Pour rappel, depuis la loi du 18 juin 2018, les juges ont une obligation positive de tenter de concilier les parties. Les avocats doivent accepter que, même s’ils ont tenté de négocier en amont, le Tribunal peut avoir un autre regard et apporter une plus-value dans la recherche d’une solution négociée.

La Belgique détient le record au sein du Conseil de l’Europe du plus grand nombre d’actions en justice par habitant. En Allemagne, par exemple, il y a une véritable culture de la négociation, de la médiation et du règlement amiable en général. Il est important que nous ayons une chambre de règlement amiable dans chaque tribunal, et que le barreau participe à son succès.

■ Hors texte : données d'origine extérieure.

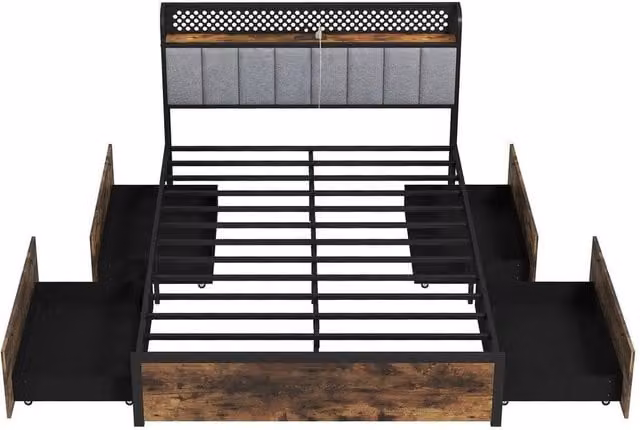 KORVIXA King Size Platform Bed in Brown with LED Under-Bed Lighting, USB Charging Ports, Bedside Shelves and Storage Drawers, 180 x 200 cm – 1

L.N. : Dans la même lignée, qu’attendez-vous des curateurs de faillite ?

E.H. : Les curateurs doivent trouver un juste équilibre entre célérité et recherche du meilleur intérêt des créanciers et travailleurs par rapport à l’approfondissement de leur dossier.

Je suis notamment surpris de la différence de culture entre certains arrondissements concernant l’introduction par les curateurs d’actions en responsabilité : à Bruxelles, j’avais à connaître de telles procédures à chaque audience alors que c’est beaucoup plus rare par exemple à Namur.

En outre, depuis l’entrée en vigueur de la réforme du Livre XX du Code de droit économique, le curateur peut intenter une procédure d’interdiction à l’encontre du failli. Cette procédure présente davantage d’intérêt à mes yeux que les refus d’effacement. Certaines personnes sont incapables de gérer une entreprise sans pour autant être malhonnêtes et de mauvaise foi. Il est préférable de les empêcher de reproduire les mêmes erreurs à l’avenir sans pour autant mettre le failli et sa famille dans des difficultés financières avec un refus d’effacement.

L.N. : Vous avez été avocat. Quels conseils donneriez-vous aux plus jeunes d’entre nous qui débutent la profession ?

E.H. : Les jeunes avocats ne doivent pas avoir peur des juges ni même hésiter à adopter des défenses de rupture si l’intérêt de leur client l’exige.

Je leur conseille cependant de ne rien faire qui serait de nature à sacrifier leur réputation, ni pour un client ni pour leur patron de stage.

Le stagiaire est bien souvent envoyé « au casse-pipe » et c’est aux maîtres de stage que je m’adresse ici : « Mettez vos stagiaires en capacité de remplir leur rôle à l’audience, en connaissant le dossier ». Le stagiaire ne connait parfois rien d’autre que la citation lors des audiences d’introduction.